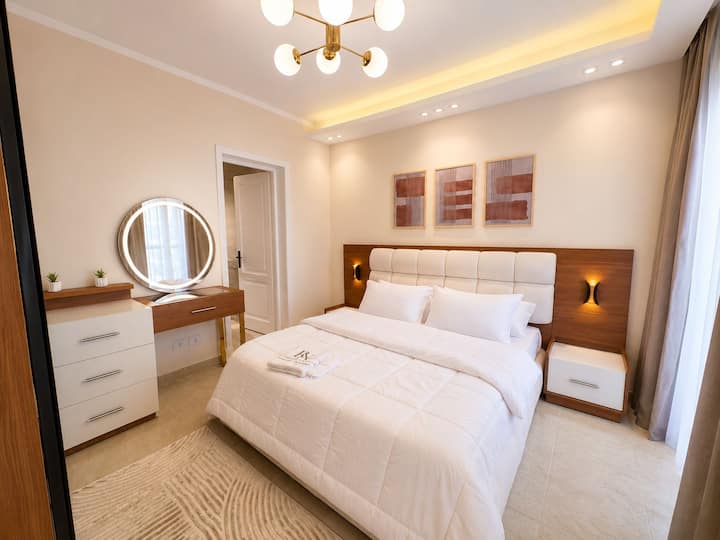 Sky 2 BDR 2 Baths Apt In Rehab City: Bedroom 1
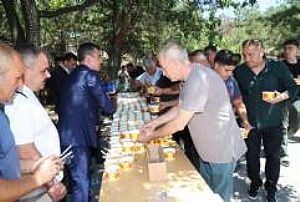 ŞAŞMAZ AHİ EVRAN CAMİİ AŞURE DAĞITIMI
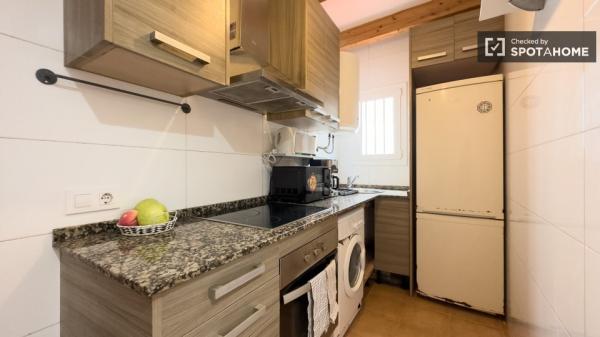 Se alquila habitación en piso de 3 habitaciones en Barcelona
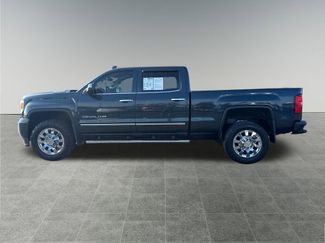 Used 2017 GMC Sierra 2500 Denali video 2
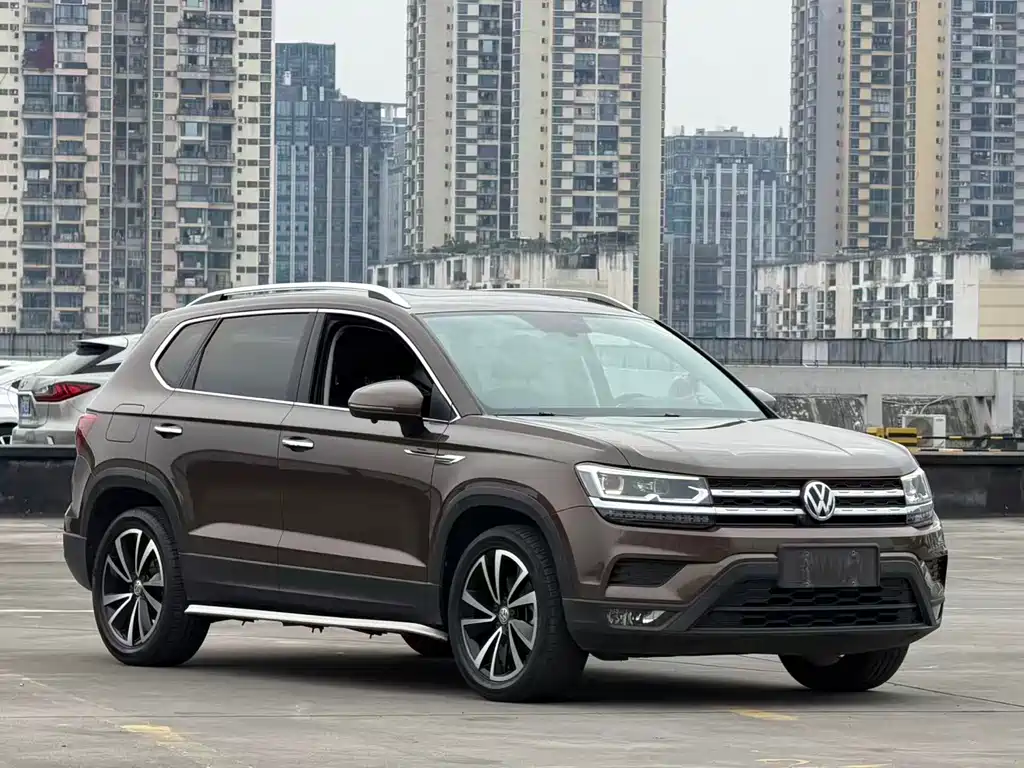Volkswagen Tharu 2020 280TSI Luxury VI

|---|

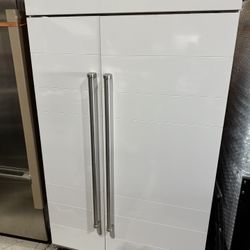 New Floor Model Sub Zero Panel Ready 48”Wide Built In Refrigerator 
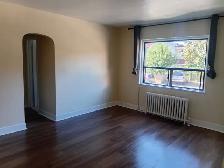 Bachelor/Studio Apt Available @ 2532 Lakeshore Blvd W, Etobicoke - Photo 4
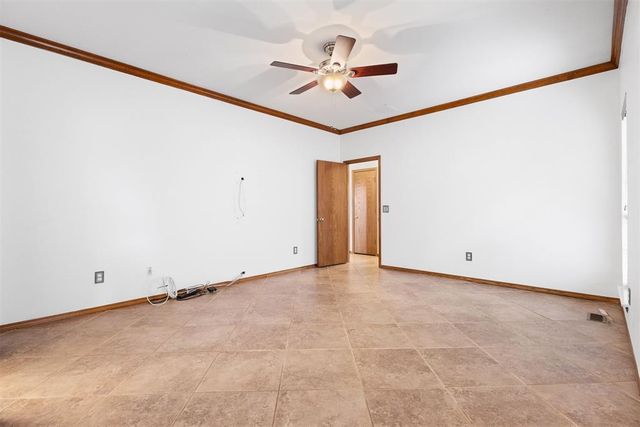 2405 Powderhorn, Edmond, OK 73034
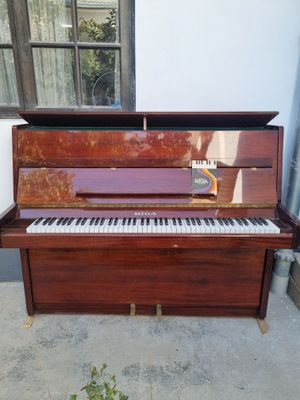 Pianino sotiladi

|---|

» **What is needed**
Everything between and including the line above containing "Bachelor/Studio Apt Available" and the line containing "Pianino sotiladi" should be reproduced exactly, with pictures excluded.

» **Response to the exercise**
 Bachelor/Studio Apt Available @ 2532 Lakeshore Blvd W, Etobicoke - Photo 4
 2405 Powderhorn, Edmond, OK 73034
 Pianino sotiladi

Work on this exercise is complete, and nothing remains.